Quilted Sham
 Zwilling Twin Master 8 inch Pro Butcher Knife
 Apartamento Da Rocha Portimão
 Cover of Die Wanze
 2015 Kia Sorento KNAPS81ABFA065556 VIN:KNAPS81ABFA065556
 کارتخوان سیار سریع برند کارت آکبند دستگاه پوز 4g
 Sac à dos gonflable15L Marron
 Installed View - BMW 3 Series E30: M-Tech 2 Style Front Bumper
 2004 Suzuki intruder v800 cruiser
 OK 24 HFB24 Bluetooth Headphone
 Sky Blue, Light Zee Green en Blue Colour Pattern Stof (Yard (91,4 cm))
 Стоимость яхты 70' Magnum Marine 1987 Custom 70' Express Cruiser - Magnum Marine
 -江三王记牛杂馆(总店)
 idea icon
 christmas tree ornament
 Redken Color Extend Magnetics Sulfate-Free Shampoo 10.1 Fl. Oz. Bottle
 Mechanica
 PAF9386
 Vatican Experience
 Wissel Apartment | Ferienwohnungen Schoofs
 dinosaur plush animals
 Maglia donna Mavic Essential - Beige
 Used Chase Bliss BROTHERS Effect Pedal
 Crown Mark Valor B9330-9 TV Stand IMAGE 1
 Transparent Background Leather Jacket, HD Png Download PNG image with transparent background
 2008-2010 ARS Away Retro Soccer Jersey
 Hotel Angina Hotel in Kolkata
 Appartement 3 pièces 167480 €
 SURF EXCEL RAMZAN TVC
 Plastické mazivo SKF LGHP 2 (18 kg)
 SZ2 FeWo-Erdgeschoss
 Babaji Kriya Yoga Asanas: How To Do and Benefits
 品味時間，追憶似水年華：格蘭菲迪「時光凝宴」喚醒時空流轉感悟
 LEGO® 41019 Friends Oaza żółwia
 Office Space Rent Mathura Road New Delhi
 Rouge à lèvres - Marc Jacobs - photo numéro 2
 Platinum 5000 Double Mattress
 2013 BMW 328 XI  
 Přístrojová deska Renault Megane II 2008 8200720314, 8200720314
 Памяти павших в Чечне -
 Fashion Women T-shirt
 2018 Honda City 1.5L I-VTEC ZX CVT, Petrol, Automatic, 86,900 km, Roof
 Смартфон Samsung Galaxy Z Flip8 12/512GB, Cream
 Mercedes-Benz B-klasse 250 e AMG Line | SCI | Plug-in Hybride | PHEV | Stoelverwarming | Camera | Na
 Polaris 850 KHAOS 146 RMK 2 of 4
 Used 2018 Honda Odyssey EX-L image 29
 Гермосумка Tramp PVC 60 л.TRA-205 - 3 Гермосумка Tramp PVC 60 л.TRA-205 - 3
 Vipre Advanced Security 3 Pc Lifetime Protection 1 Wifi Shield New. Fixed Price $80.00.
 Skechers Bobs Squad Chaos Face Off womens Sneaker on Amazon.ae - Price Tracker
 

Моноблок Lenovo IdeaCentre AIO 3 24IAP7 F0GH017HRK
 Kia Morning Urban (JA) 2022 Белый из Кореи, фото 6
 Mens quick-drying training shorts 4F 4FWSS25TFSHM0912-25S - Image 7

REQUIRED WORK:
If a line in the data above includes the string "Honda", copy it.

EXPECTED ANSWER:
 2018 Honda City 1.5L I-VTEC ZX CVT, Petrol, Automatic, 86,900 km, Roof
 Used 2018 Honda Odyssey EX-L image 29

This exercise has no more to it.